Cependant, sur ce point, la SCEA [E] conteste d’autant moins l’exécution de l’ordonnance qu’elle indique elle-même qu’elle ne peut plus pénétrer sur les parcelles en question dès lors que M. [M] [B], avec lequel elle a signé la convention de prestation de travaux agricoles le 23 mai 2023 (pièce n° 15 de la SCEA [E]), lui en a désormais interdit l’accès. Elle ne demande aucunement à y revenir et indique qu’elle ne le peut en tout état de cause plus.
Dès lors, s’agissant du chef de dispositif ordonnant l’expulsion de la SCEA [E], la demande d’arrêt de l’exécution provisoire est devenue sans objet puisque cette partie elle-même ne sollicite pas d’y revenir.
En deuxième lieu, l’ordonnance de référé condamne la SCEA [E] à remettre les parcelles cadastrées en cause dans leur état initial, en les ensemençant de ray-grass anglais.

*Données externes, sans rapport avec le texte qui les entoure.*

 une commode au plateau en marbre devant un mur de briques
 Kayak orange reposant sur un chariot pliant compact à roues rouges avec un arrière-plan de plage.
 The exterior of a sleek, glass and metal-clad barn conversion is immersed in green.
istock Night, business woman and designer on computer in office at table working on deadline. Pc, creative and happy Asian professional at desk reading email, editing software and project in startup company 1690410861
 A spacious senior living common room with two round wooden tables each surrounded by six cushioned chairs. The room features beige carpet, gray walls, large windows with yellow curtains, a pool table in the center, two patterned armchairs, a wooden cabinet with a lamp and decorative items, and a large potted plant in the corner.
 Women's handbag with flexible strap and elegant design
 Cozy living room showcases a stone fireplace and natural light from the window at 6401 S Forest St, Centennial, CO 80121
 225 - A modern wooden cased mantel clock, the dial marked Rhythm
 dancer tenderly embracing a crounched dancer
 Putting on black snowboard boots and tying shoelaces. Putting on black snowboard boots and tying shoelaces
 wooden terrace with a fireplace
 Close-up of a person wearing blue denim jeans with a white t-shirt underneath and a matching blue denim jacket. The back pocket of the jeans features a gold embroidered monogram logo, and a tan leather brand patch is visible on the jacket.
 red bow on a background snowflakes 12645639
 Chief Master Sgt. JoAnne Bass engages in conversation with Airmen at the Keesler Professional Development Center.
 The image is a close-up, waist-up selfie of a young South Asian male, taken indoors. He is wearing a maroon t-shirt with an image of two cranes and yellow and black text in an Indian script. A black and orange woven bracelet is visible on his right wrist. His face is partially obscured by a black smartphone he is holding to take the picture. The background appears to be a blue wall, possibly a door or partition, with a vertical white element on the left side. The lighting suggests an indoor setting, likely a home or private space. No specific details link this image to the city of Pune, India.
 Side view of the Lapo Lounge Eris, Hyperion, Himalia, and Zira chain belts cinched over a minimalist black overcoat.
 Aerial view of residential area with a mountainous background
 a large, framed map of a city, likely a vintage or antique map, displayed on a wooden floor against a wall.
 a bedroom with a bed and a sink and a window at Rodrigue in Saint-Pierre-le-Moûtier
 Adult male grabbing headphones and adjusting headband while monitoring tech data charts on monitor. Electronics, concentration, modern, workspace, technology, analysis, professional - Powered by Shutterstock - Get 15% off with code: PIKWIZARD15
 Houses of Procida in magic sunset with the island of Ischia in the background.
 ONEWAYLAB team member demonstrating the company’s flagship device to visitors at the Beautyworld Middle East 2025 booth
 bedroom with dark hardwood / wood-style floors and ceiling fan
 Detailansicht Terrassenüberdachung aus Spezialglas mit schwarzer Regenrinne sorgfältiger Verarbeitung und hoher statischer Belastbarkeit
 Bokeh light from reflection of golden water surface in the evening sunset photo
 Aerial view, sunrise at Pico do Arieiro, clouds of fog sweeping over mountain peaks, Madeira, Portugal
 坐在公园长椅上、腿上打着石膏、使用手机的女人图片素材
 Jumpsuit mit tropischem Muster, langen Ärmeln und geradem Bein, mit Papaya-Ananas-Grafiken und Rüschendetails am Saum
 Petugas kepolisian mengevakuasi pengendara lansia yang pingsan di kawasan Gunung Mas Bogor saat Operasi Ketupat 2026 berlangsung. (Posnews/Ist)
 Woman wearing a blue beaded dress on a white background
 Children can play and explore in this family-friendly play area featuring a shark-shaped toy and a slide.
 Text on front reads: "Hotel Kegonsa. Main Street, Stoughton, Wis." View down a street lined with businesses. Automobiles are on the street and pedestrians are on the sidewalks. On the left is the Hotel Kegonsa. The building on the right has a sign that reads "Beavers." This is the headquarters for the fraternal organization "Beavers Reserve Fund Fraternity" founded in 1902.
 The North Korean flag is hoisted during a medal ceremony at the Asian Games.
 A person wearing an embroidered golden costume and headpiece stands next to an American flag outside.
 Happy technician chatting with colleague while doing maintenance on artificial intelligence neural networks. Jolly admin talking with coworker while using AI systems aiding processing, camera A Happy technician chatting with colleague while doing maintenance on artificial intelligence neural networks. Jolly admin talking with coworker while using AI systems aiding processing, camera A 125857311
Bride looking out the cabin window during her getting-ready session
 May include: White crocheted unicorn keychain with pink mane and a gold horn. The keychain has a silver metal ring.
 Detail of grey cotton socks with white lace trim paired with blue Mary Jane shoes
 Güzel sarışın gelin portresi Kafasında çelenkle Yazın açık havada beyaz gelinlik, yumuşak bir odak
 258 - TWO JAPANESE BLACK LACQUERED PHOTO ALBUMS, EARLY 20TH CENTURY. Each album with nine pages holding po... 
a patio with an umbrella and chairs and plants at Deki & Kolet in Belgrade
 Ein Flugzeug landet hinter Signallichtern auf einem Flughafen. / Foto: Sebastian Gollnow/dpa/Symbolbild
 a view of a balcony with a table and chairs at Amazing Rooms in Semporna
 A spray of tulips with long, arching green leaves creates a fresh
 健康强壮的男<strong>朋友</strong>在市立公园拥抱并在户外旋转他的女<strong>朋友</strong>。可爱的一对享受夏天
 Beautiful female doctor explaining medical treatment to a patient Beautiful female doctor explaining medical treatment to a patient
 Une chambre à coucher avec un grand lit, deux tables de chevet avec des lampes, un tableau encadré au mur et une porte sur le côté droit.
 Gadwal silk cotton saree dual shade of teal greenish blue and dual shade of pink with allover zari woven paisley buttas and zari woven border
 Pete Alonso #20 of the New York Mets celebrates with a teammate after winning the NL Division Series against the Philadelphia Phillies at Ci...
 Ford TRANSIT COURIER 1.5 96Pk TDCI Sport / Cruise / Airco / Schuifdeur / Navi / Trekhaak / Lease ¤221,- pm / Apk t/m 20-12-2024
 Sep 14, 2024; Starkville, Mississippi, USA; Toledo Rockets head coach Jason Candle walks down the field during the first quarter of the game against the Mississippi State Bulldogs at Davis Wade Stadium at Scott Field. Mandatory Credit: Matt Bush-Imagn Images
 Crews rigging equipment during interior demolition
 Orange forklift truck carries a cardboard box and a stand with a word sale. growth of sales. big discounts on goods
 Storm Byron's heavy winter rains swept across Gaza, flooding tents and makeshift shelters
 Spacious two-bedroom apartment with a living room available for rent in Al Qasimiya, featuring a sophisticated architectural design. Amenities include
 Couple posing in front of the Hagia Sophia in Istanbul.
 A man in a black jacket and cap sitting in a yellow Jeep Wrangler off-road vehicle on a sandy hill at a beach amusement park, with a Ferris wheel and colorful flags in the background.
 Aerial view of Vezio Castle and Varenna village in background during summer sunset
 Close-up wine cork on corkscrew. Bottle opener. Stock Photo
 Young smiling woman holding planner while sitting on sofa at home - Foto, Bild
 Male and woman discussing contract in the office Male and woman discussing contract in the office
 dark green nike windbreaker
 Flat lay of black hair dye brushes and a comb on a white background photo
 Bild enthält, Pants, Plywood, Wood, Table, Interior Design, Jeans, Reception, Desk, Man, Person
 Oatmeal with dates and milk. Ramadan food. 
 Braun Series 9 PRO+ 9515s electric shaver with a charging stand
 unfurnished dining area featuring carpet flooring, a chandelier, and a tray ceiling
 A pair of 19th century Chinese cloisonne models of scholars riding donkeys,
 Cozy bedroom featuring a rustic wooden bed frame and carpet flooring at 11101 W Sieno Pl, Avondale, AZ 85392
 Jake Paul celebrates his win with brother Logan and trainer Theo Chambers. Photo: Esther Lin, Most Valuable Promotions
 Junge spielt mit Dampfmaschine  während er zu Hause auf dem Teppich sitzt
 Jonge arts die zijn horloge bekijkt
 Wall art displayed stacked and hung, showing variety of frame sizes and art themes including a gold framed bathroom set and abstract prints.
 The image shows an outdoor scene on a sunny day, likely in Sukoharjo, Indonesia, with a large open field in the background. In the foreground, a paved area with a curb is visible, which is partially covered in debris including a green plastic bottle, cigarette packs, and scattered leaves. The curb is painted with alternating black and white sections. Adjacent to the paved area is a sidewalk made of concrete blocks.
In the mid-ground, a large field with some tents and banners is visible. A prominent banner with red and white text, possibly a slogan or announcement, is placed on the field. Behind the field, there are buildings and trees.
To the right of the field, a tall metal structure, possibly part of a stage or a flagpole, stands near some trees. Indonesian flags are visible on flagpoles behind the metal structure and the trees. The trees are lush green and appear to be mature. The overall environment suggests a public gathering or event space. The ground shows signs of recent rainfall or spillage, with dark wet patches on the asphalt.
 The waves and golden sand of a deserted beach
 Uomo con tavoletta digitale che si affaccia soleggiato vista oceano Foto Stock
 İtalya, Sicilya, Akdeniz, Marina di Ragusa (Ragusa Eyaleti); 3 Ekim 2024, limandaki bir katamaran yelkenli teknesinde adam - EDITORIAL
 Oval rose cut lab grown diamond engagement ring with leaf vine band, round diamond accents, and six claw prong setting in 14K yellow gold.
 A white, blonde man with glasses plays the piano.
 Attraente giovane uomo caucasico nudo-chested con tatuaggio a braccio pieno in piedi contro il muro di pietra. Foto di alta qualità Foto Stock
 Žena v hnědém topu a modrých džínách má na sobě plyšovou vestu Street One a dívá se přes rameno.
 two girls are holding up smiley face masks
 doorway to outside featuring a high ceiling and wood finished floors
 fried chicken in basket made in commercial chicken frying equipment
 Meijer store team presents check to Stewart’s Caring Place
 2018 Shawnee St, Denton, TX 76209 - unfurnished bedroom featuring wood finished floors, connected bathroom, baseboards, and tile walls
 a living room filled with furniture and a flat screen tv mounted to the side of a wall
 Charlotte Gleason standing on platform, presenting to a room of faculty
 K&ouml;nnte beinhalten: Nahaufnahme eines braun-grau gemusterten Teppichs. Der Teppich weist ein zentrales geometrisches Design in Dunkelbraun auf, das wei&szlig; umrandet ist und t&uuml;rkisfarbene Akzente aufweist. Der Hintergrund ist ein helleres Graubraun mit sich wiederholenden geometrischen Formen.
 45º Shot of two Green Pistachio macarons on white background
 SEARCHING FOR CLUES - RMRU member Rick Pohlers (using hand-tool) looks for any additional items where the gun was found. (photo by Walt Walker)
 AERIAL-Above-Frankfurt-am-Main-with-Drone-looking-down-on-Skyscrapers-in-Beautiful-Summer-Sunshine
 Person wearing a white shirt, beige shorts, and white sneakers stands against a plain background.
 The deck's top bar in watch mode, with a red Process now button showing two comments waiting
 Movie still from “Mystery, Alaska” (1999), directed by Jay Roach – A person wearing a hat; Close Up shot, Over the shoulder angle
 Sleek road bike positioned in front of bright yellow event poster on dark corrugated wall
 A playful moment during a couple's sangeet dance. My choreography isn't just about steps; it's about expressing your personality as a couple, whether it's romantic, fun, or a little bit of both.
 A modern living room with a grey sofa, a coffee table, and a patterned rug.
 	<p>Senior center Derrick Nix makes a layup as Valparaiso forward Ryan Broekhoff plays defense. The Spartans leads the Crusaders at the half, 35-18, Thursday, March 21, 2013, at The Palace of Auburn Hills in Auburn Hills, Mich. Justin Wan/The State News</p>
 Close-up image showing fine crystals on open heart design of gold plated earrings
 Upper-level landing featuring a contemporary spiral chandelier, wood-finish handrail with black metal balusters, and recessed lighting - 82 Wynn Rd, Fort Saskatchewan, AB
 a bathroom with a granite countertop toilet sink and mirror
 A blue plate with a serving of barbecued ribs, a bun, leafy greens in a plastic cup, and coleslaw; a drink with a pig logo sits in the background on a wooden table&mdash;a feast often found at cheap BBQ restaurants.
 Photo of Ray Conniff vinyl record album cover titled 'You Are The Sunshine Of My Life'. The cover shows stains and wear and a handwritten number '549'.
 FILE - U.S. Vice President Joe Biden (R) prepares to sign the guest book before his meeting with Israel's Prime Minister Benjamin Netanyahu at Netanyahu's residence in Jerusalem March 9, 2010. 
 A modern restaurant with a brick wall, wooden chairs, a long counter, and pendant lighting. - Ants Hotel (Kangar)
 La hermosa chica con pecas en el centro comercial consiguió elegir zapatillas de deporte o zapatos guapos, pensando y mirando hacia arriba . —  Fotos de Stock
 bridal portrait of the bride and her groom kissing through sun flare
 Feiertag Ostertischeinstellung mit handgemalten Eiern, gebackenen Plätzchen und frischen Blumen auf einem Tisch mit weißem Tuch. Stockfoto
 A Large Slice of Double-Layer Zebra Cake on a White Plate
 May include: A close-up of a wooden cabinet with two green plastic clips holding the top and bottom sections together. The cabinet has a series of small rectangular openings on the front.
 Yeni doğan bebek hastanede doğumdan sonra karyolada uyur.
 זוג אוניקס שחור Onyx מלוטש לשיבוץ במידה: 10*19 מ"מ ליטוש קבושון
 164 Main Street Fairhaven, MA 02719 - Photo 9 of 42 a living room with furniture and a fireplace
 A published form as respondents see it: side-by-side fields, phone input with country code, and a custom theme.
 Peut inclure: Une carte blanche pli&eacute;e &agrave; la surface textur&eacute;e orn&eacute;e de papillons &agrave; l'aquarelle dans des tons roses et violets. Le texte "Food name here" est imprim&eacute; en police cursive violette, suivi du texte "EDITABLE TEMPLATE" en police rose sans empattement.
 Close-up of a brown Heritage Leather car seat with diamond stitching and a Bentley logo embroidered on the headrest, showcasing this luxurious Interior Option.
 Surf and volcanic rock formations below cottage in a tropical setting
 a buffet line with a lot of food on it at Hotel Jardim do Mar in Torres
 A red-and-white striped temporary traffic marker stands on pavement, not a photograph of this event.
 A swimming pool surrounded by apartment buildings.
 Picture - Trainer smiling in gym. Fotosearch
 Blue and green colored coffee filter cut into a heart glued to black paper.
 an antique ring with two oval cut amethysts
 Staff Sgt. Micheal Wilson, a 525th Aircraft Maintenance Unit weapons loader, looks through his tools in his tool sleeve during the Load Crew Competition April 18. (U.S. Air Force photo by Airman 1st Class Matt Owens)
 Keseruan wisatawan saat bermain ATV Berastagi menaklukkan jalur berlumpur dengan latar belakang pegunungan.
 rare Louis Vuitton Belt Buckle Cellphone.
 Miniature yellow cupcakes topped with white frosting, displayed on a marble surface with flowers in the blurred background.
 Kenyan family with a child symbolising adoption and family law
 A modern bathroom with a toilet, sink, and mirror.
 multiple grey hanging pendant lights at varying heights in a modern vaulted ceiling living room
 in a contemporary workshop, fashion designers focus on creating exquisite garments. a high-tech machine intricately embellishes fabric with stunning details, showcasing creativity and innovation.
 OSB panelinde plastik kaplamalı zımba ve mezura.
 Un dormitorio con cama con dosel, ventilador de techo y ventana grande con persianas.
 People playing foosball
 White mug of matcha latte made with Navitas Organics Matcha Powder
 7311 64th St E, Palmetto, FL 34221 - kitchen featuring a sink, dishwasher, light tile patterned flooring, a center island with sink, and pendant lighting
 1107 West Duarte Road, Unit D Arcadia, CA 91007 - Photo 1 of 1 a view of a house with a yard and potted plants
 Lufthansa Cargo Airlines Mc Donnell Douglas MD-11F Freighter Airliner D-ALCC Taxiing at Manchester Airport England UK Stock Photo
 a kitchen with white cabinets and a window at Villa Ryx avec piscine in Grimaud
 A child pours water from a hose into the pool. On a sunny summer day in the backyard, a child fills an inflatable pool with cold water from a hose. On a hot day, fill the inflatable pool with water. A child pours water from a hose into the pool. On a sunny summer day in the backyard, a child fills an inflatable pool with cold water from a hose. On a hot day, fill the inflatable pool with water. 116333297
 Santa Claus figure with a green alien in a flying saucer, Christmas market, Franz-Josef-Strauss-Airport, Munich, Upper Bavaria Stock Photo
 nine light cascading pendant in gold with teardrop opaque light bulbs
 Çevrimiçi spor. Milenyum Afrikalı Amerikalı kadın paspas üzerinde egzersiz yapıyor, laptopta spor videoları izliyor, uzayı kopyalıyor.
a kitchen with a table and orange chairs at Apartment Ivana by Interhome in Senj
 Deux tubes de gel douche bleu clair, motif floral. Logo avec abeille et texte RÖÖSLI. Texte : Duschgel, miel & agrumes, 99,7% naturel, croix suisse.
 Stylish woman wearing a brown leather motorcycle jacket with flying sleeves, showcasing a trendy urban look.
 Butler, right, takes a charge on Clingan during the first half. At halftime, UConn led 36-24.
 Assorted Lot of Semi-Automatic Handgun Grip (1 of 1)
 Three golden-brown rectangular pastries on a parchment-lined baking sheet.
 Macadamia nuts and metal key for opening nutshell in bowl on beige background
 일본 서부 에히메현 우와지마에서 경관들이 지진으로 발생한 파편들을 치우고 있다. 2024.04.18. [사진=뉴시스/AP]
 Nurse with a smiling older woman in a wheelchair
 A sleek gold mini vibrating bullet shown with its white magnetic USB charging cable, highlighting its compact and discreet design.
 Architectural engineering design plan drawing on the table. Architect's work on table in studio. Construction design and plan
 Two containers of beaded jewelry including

Cependant, sur ce point, les consorts [B] indiquent eux-mêmes que ce réensemencement a d’ores et déjà été effectué, non pas par la SCEA [E] mais par une entreprise dénommée Tastard et ils indiquent eux-mêmes qu’ils « n’entendent pas poursuivre contre la SCEA [E] l’exécution de l’ordonnance de référé en ce qui concerne la remise en état des parcelles par un ensemencement de ray-grass anglais » (avant dernier paragraphe de la 9ème page des conclusions des consorts [B]).
Dès lors, sur ce chef de dispositif également, la demande d’arrêt de l’exécution provisoire de l’ordonnance est sans objet.
Il demeure en troisième lieu le dernier chef de dispositif condamnant la SCEA [E] à régler aux consorts [B] la somme de 3.500 euros au titre de l’article 700 du code de procédure civile ainsi qu’aux dépens.
Or, sur ce point, la SCEA [E] ne fait état d’aucune conséquence manifestement excessive qui s’opposerait au règlement de cette somme et elle ne produit d’ailleurs aucun élément sur sa situation financière propre.
Dès lors, il n’y a pas lieu de faire droit à la demande d’arrêt de l’exécution provisoire sur ce chef de dispositif.
PAR CES MOTIFS
Constatons qu’est devenue sans objet la demande d’arrêt de l’exécution provisoire de l’ordonnance du juge des référés du tribunal judiciaire de Vannes prononcée le 21 août 2025 s’agissant des chefs de dispositif ordonnant l’expulsion de la SCEA [E] et la condamnant à remettre les parcelles visées dans leur état initial en les ensemençant de ray-grass anglais ;
Rejetons la demande d’arrêt de l’exécution provisoire de cette même ordonnance en ce qu’elle condamne la SCEA [E] aux dépens ainsi qu’au paiement d’une somme au titre de l’article 700 du code de procédure civile ;
Condamnons la SCEA [E] aux dépens de la présente instance ;
Condamnons la SCEA [E] à verser aux consorts [B] la somme globale de 1.200 euros au titre de l’article 700 du code de procédure civile.